Mark Moyad, writing at the start of the study (2002), seemed to predict failure:
"Selenium supplements provided a benefit only for those individuals who had lower levels of baseline plasma selenium. Other subjects, with normal or higher levels, did not benefit and may have an increased risk for prostate cancer." [S.1]
Results from 2008 [S.2]:
- placebo arm: 416/8,696 cases
- selenium only: 432/8,752 cases
- selenium+E: 437/8,703 cases
Clearly, no benefit.
Of those "graded by central lab" with lesser cancer:
- Gleason score <7:
... placebo arm: 240/365 cases = 66%
... selenium only: 217/361 cases = 60%
- Gleason score =3+4:
... placebo arm: 80/365 cases = 22%
... selenium only: 105/361 cases = 29%
Not at all encouraging. A total of 320 men in the placebo arm & 322 in the selenium arm. Almost the same number, but 30% more GS=3+4 cases in the intervention arm. Significant in that this is the dividing line between surveillance & treatment for many.
"The trial was prematurely terminated in 2008, 18 months before its intended minimum follow-up length. The selenium and vitamin E doses and formulations used in SELECT were found to be ineffective, and concern was raised about a possible trend in developing type 2 diabetes mellitus among the study participants taking selenium" [S.3]
In my view, SELECT was a huge misuse of money. (The vitamin E part of the study was even more screwed-up than the selenium.)

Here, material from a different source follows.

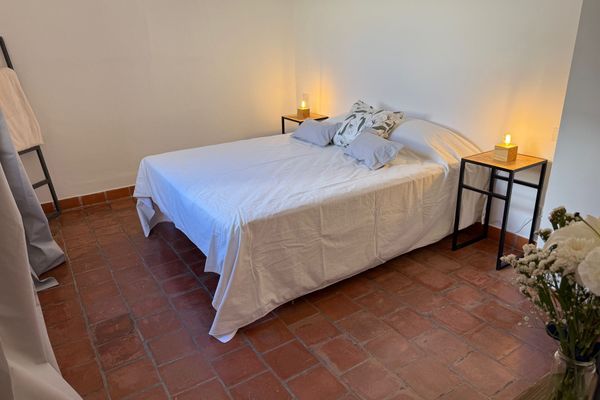 Dormitorio con cama queen, aire acondicionado y luz natural. Ideal para descansar en un ambiente simple y cómodo.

One of my bugbears is cadmium, which is a common pollutant. Selenium opposes cadmium. Other reasons are sometimes hypothesized for selenium's protection, & the cadmium connection is usually missed. From a 2005 German study [X.2]:
"Because Se is known to interact with cadmium (Cd), it has been suggested that its cancer protective action could be attributable in part to its interaction with Cd, a toxic and suspected carcinogenic element, which is found in many foods, in drinking water, and in the environment. Cadmium is considered a significant prostate cancer risk factor as it stimulates the growth of prostate epithelial cells and promotes their malignant transformation. Accordingly, prostate cancer risk is determined not only by Se status, but also the degree of Cd exposure. Determinations of Se and Cd in 129 prostates of deceased men aged 15-99 yr revealed Cd to accumulate in the prostate. Whereas the atomic Se/Cd ratios of the prostates of young men were invariably >1, indicating a stoichiometric excess of Se over Cd, they were found to decline with age, approaching the 1:1 ratio in elderly nonsmokers, a fact suggestive of the formation of a 1:1 Cd-Se complex. The associated physiological inactivation of Se could account for the increase of the prostate cancer risk with advancing age."
One confusing aspect of more recent research is the association of genetic variations with selenium PCa risk. This makes the subject way too complicated. I no longer supplement for PCa, but I would for deficiency. My chosen form would be sodium selenite. It is inorganic & has poor bioavailability, but there are some interesting studies.